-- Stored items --
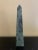 A beautifully proportioned marble obelisk in richly veined shades of green, cream, and grey. The sculptural silhouette and...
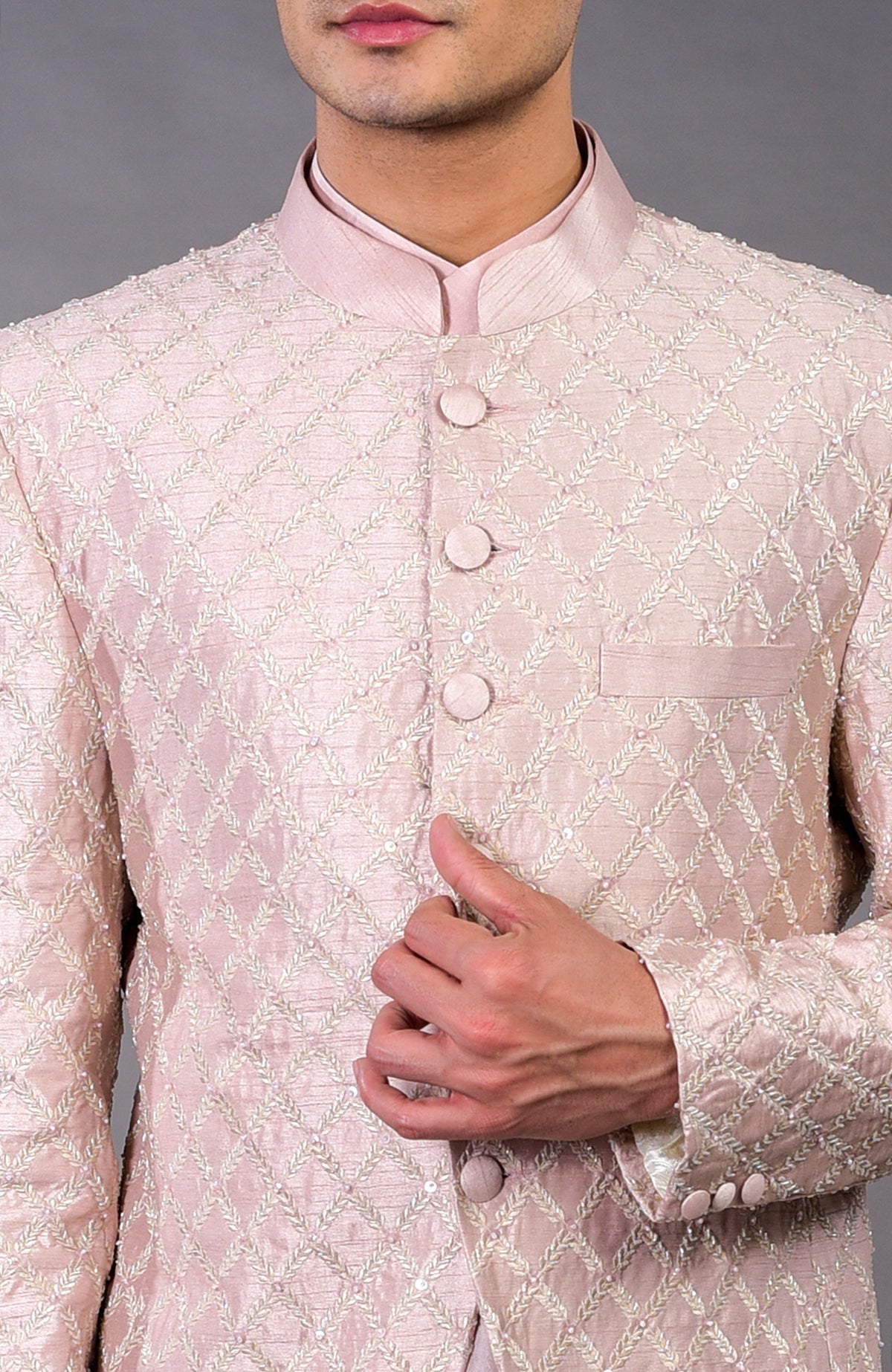 Barely pink chikankari embellished bandhgala set with a man's hand on the jacket.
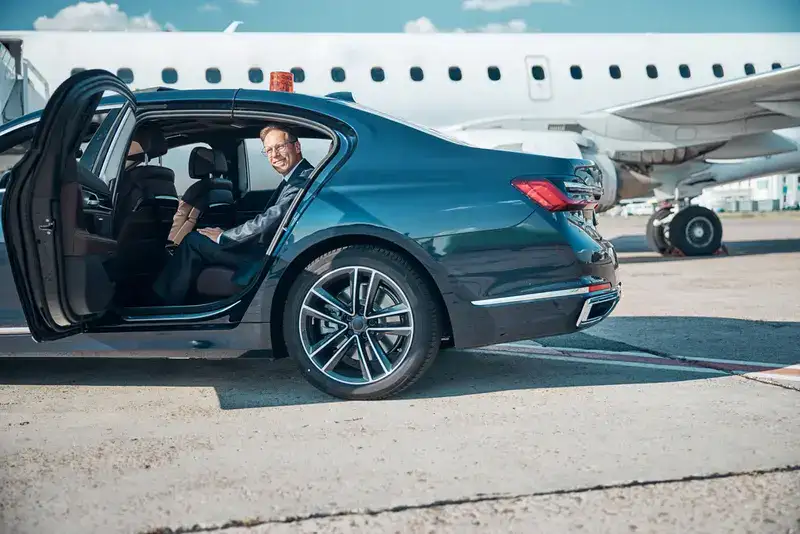 A stylish man in a tailored suit steps into a luxury black car on the airport tarmac, ready for his HOU to Galveston transfer, symbolizing executive Galveston Hobby airport transportation.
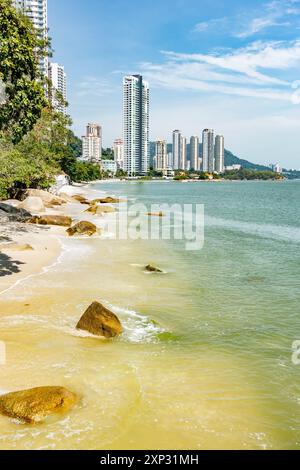 Una vista lungo la spiaggia di Tanjing Tokong a Penang, Malesia, con grattacieli alti e moderni, parte di un grattacielo cittadino sullo sfondo. Foto Stock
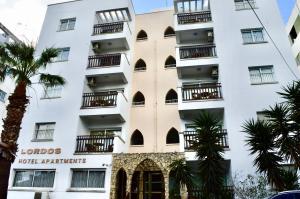 尼科西亚尼科西亚罗德斯公寓式酒店的带阳台的白色建筑,棕榈树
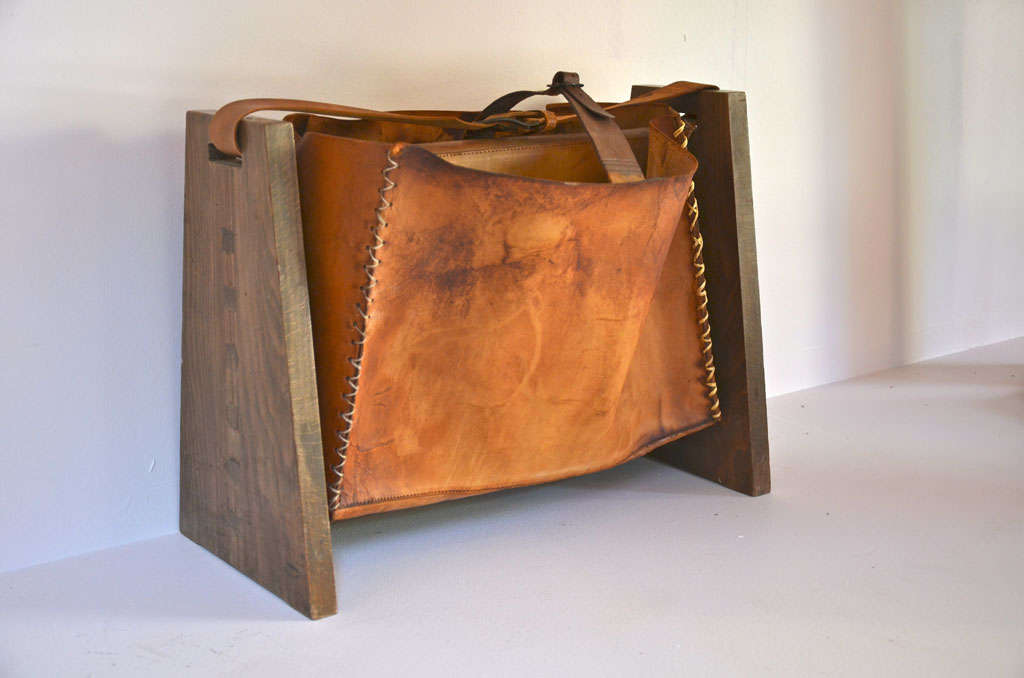 A very chic magazine holder
Wood and leather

-- EXERCISE --
Pictures don't belong in the copy. Transcribe every record exactly as it appears.

-- YOUR SOLUTION --
 A beautifully proportioned marble obelisk in richly veined shades of green, cream, and grey. The sculptural silhouette and...
 Barely pink chikankari embellished bandhgala set with a man's hand on the jacket.
 A stylish man in a tailored suit steps into a luxury black car on the airport tarmac, ready for his HOU to Galveston transfer, symbolizing executive Galveston Hobby airport transportation.
 Una vista lungo la spiaggia di Tanjing Tokong a Penang, Malesia, con grattacieli alti e moderni, parte di un grattacielo cittadino sullo sfondo. Foto Stock
 尼科西亚尼科西亚罗德斯公寓式酒店的带阳台的白色建筑,棕榈树
 A very chic magazine holder
Wood and leather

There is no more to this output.